Implement JSON dump conversion for torch_dtype in TrainingArguments (#31224)

* Implement JSON dump conversion for torch_dtype in TrainingArguments * Add unit test for converting torch_dtype in TrainingArguments to JSON * move unit test for converting torch_dtype into TrainerIntegrationTest class * reformating using ruff * convert dict_torch_dtype_to_str to private method _dict_torch_dtype_to_str --------- Co-authored-by: jun.4 <jun.4@kakaobrain.com>
2026-05-14 20:58:08 +00:00 · 2024-06-07 23:43:34 +09:00 · 2024-06-07 23:43:34 +09:00 · 60861fe1fd
commit 60861fe1fd
parent ff689f57aa
2 changed files with 43 additions and 0 deletions
--- a/src/transformers/training_args.py
+++ b/src/transformers/training_args.py
@ -2370,6 +2370,18 @@ class TrainingArguments:
        )
        return warmup_steps

+    def _dict_torch_dtype_to_str(self, d: Dict[str, Any]) -> None:
+        """
+        Checks whether the passed dictionary and its nested dicts have a *torch_dtype* key and if it's not None,
+        converts torch.dtype to a string of just the type. For example, `torch.float32` get converted into *"float32"*
+        string, which can then be stored in the json format.
+        """
+        if d.get("torch_dtype", None) is not None and not isinstance(d["torch_dtype"], str):
+            d["torch_dtype"] = str(d["torch_dtype"]).split(".")[1]
+        for value in d.values():
+            if isinstance(value, dict):
+                self._dict_torch_dtype_to_str(value)
+
    def to_dict(self):
        """
        Serializes this instance while replace `Enum` by their values (for JSON serialization support).
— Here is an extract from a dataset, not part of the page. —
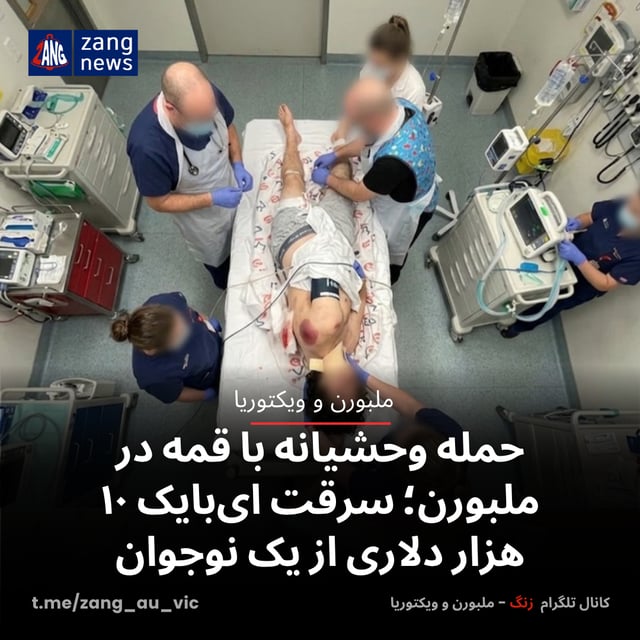 حمله وحشیانه با قمه در ملبورن؛ سرقت ای‌بایک ۱۰ هزار دلاری از یک نوجوان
It obfuscates
@ -2388,6 +2400,8 @@ class TrainingArguments:
            # Handle the accelerator_config if passed
            if is_accelerate_available() and isinstance(v, AcceleratorConfig):
                d[k] = v.to_dict()
+        self._dict_torch_dtype_to_str(d)
+
        return d

    def to_json_string(self):
--- a/tests/trainer/test_trainer.py
+++ b/tests/trainer/test_trainer.py
@ -3445,6 +3445,35 @@ class TrainerIntegrationTest(TestCasePlus, TrainerIntegrationCommon):
                )
            self.assertTrue("Tried passing in a callable to `accelerator_config`" in str(context.exception))
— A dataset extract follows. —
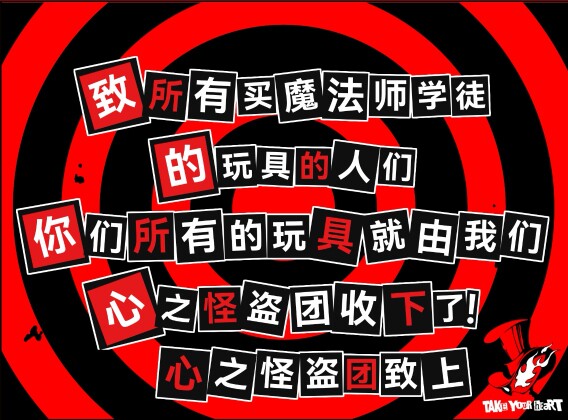 bilibili魔法师学徒的玩具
+    def test_torch_dtype_to_json(self):
+        @dataclasses.dataclass
+        class TorchDtypeTrainingArguments(TrainingArguments):
+            torch_dtype: torch.dtype = dataclasses.field(
+                default=torch.float32,
+            )
+
+        for dtype in [
+            "float32",
+            "float64",
+            "complex64",
+            "complex128",
+            "float16",
+            "bfloat16",
+            "uint8",
+            "int8",
+            "int16",
+            "int32",
+            "int64",
+            "bool",
+        ]:
+            torch_dtype = getattr(torch, dtype)
+            with tempfile.TemporaryDirectory() as tmp_dir:
+                args = TorchDtypeTrainingArguments(output_dir=tmp_dir, torch_dtype=torch_dtype)
+
+                args_dict = args.to_dict()
+                self.assertIn("torch_dtype", args_dict)
+                self.assertEqual(args_dict["torch_dtype"], dtype)
+

@require_torch
@is_staging_test